Rien de plus faux, à mon sens, que ce jugement. Le prince Napoléon est évidemment dupe des apparences. Il est même dupe des mots. De ce que M. Taine compare la Révolution à une métamorphose d’insecte, il conclut que M. Taine n’est en effet qu’un entomologiste, un myope, uniquement attentif aux petites choses, comme si, au contraire, cette comparaison n’impliquait pas une vue très générale sur l’histoire de la Révolution. Des petits faits entassés par M. Taine dans presque tous ses ouvrages, le prince ne voit que le nombre, il ne voit pas la puissance avec laquelle ils sont enchaînés et classés et qu’ils ne sont là que pour préparer et appuyer les généralisations les plus hardies. C’est une fantaisie étrange que de traiter d’entomologiste l’homme qui a écrit l’introduction de l’Histoire de la littérature anglaise, les chapitres sur Milton et sur Shakespeare, les dernières pages de l’Intelligence ou le parallèle de l’homme antique et de l’homme moderne dans le troisième volume (je crois) des Origines de la France contemporaine. Je ne pensais pas qu’il pût échapper à personne que M. Taine est un des esprits les plus invinciblement généralisateurs qui se soient vus. Je ne pensais pas non plus qu’on pût nier les qualités de composition de M. Taine. Sa composition n’est que trop serrée ; les parties de chacun de ses ouvrages ne sont que trop étroitement liées et subordonnées les unes aux autres ; on y voudrait un peu plus de jeu et un peu plus d’air. Or, apprenez que « ses articles ne sont qu’une mosaïque ; on n’y sent aucune unité de travail. » Le prince est dupe, cette fois, d’une apparence typographique, de la multiplicité des guillemets.

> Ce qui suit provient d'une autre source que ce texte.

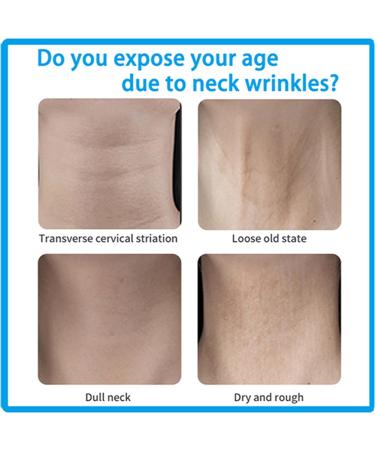 Neck Lift Strips & Tapes - Invisible Tightening Bands for Wrinkle Removal Lifting Sagging Skin - 4 Strips + 20 Patches - Buy Online on GoSupps.com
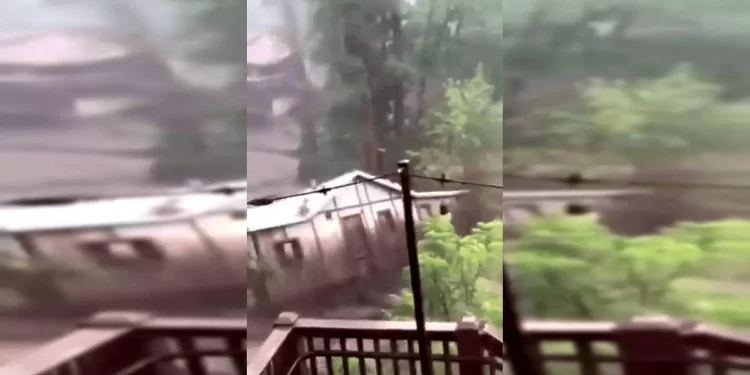 ¡Tragedia en Nuevo México! Río Ruidoso arrasa casas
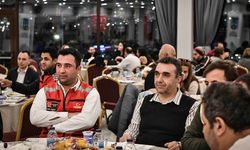 Moto kuryeler iftar sofrasında buluştu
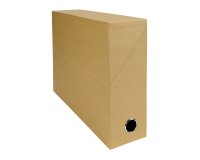 Klasseerdoos Exacompta karton rug 12 cm kleuren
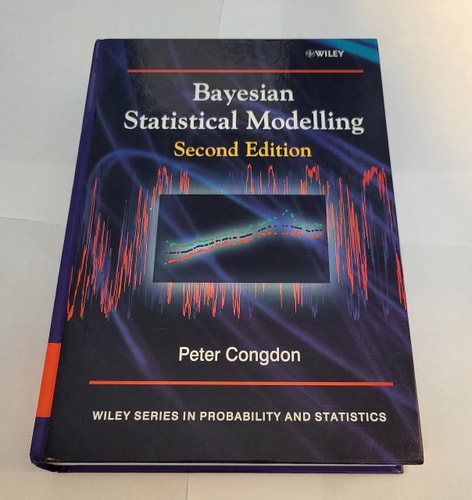 Bayesian Statistical Modelling — Peter Congdon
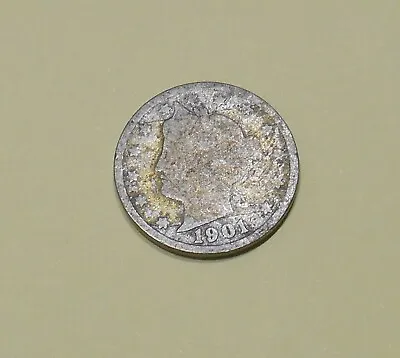 $1.19 • Buy U.S. 1901 Liberty  V  Nickel. Circulated.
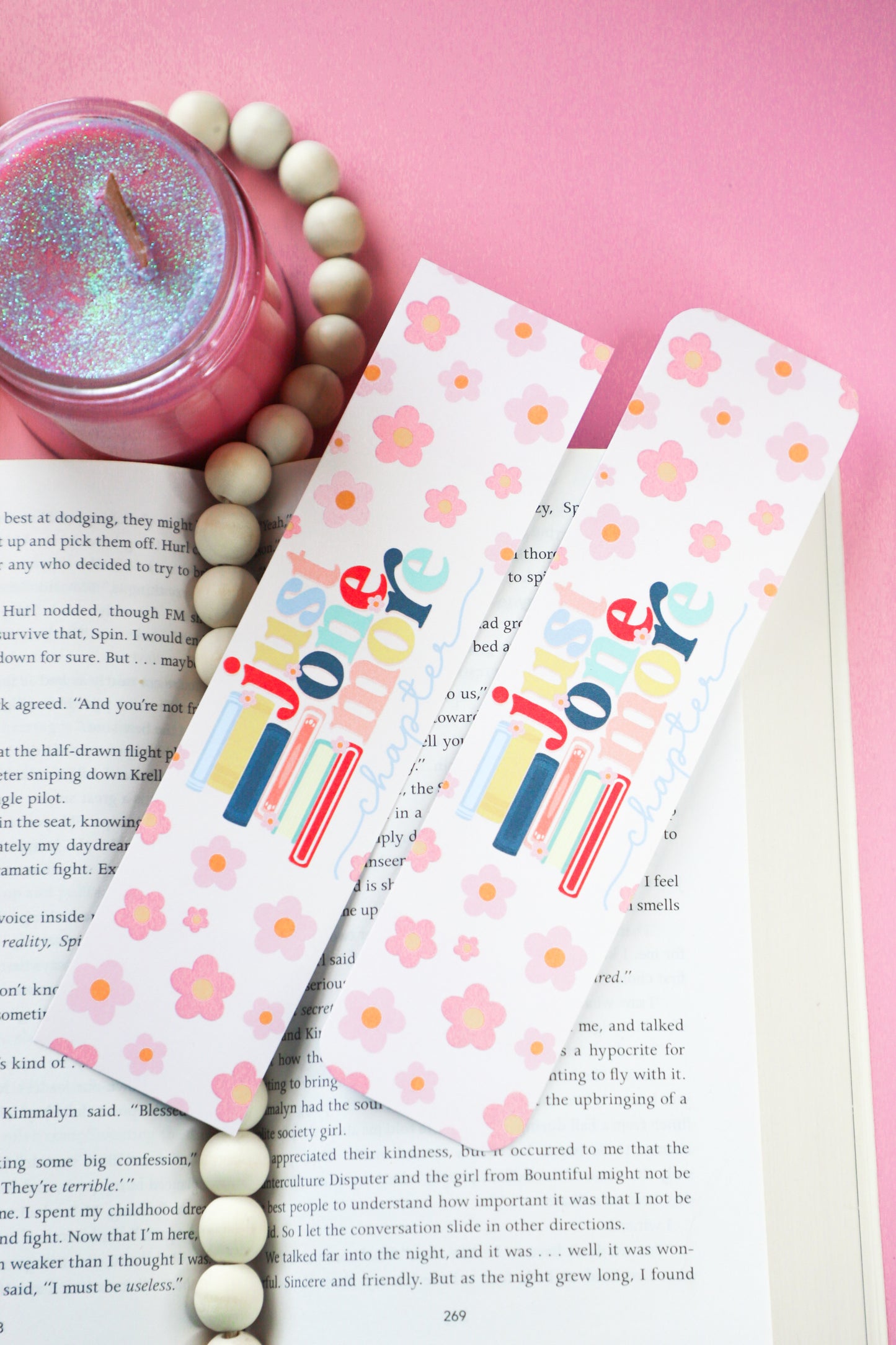 Just One More Chapter Bookmark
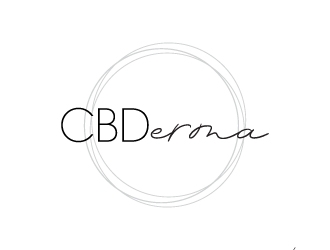 CBDerma  logo design by J0s3Ph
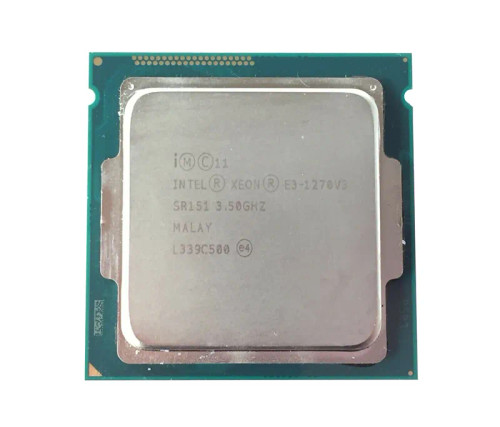 CM8064601467101 - Intel Xeon Quad Core E3-1270V3 3.5GHz LGA1150 Processor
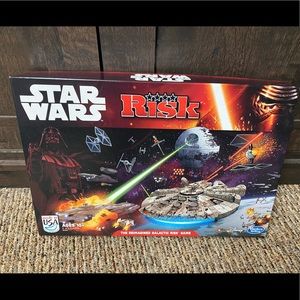 Risk: Star Wars Edition Game (Never been played)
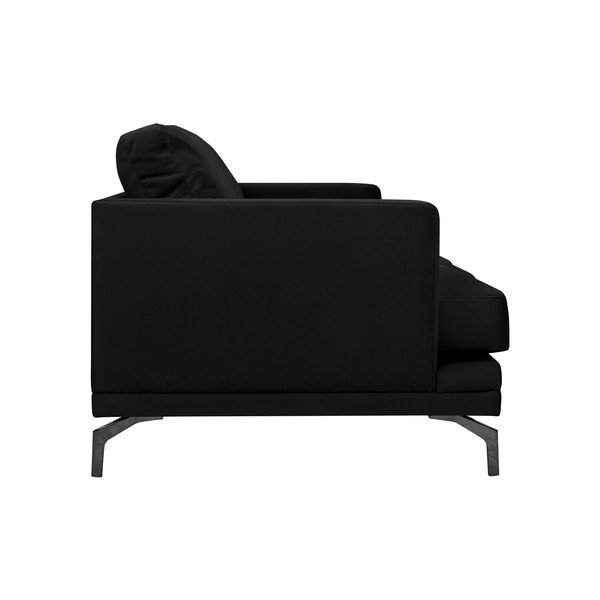 Crna sofa s bazom u crnoj boji Windsor &amp; Co Sofas Jupiter-image-2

J’ai peur aussi que le prince ne s’entende pas toujours très bien dans ces pages dont on a fait grand bruit et que des badauds nous donnent déjà comme un morceau de style. Il prête à M. Taine des défauts contradictoires ; il lui reconnaît ce qu’il lui a dénié ; il reproche à cet épingleur d’insectes son « idéologie » et sa « folie métaphysique ». Il écrit : « Quand on borne son talent à une accumulation de petits faits, on devrait être au moins réservé dans ses conclusions et sobre dans ses théories. » C’est dire, dans la même phrase, que M. Taine « borne » son talent à cette accumulation, et qu’il ne l’y borne pas. Et encore : « Il démontrera que la morale de la Réforme trouve son origine dans l’usage de la bière ; et, devant un tableau, ayant à juger la chevelure d’une femme, il essayera de compter les cheveux. » La phrase est amusante ; mais, en admettant que cette plaisanterie des cheveux comptés puisse s’appliquer à M. Taine critique d’art, les deux parties de la phrase, qui ont l’air d’exprimer deux critiques analogues, se contredisent en réalité : car, si le dénombrement des cheveux d’un portrait indique bien un esprit myope et borné, tout au contraire l’explication d’un phénomène moral et religieux par une habitude d’alimentation serait plutôt d’un esprit philosophique et discursif à l’excès, capable d’embrasser de vastes ensembles de faits et de les ramener les uns dans les autres Enfin, le prince ne peut contenir son indignation contre cet « analyste perpétuel » qui « prend plaisir à déchiqueter sa victime jusqu’aux dernières fibres, sans un cri de l’âme, sans une aspiration vers l’idéal ». Je n’entends pas clairement ce que cela signifie. Et je ne trouve pas que ce soit juger M. Taine avec beaucoup de finesse que de le traiter de « matérialiste », comme pourrait faire un curé de village. Cela aurait bien fait rire Sainte-Beuve.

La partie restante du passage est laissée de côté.